Keep the images out while you retype all of the data exactly.

---------- Stored data

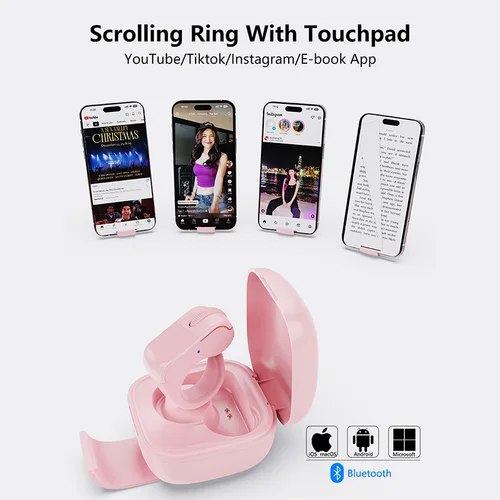 Imagen 2 del producto Ratón de anillo Bluetooth con pantalla táctil y rueda de desplazamiento 2,4G + BT modo Dual ratón inalámbrico Bluetooth Mini para discurso PPT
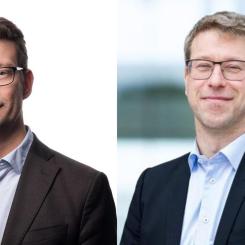 Henrik Isakson, policyansvarig för handelspolitik, och Anders Hermansson, vd Svensk Sjöfart.Foto: Pressbild / Ulf Börjesson/Ernst Henry Photography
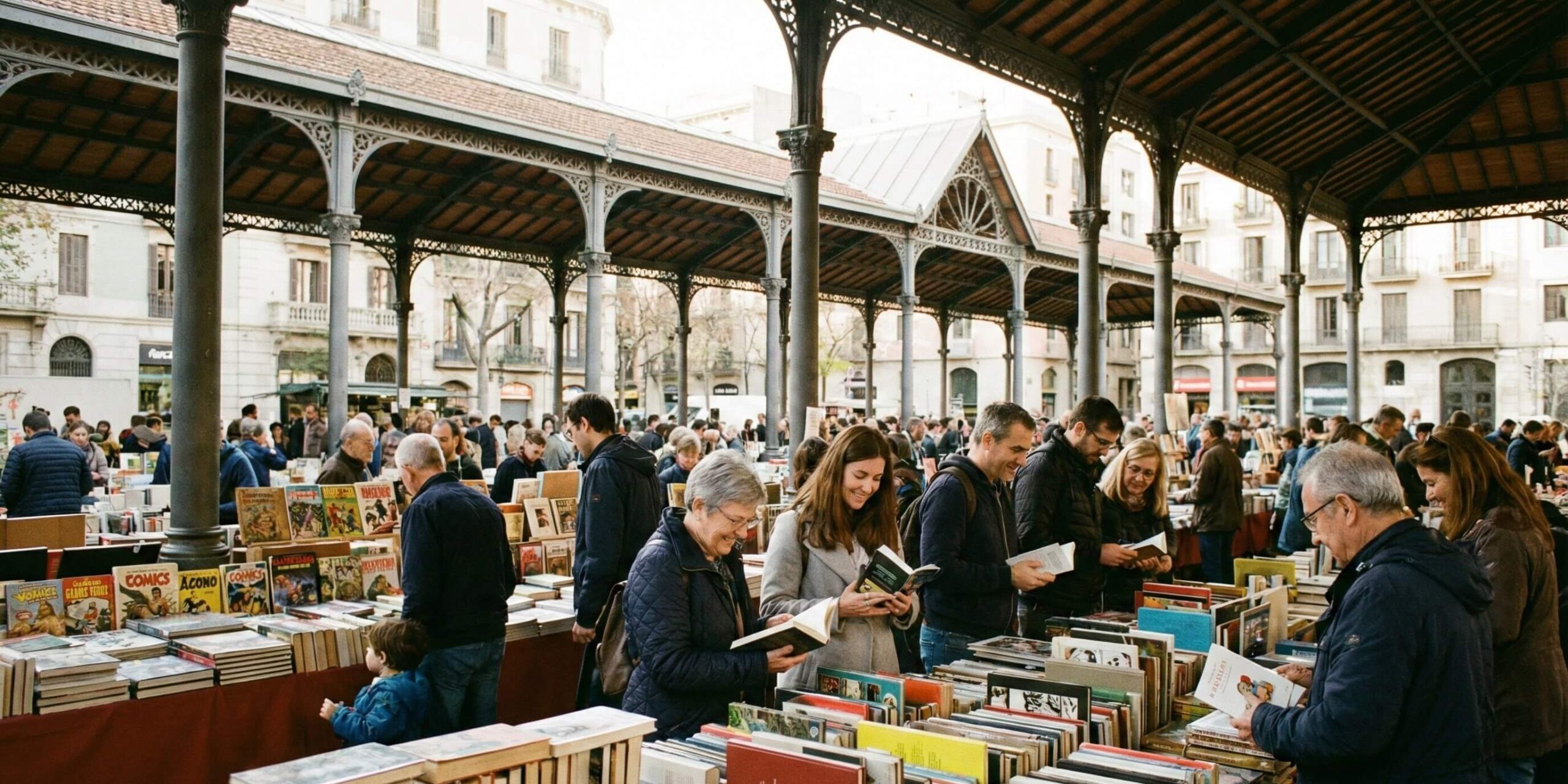 mercado de libros al aire libre con personas comprando en puestos cubiertos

--------------------

- **Answer to the problem**
 Imagen 2 del producto Ratón de anillo Bluetooth con pantalla táctil y rueda de desplazamiento 2,4G + BT modo Dual ratón inalámbrico Bluetooth Mini para discurso PPT
 Henrik Isakson, policyansvarig för handelspolitik, och Anders Hermansson, vd Svensk Sjöfart.Foto: Pressbild / Ulf Börjesson/Ernst Henry Photography
 mercado de libros al aire libre con personas comprando en puestos cubiertos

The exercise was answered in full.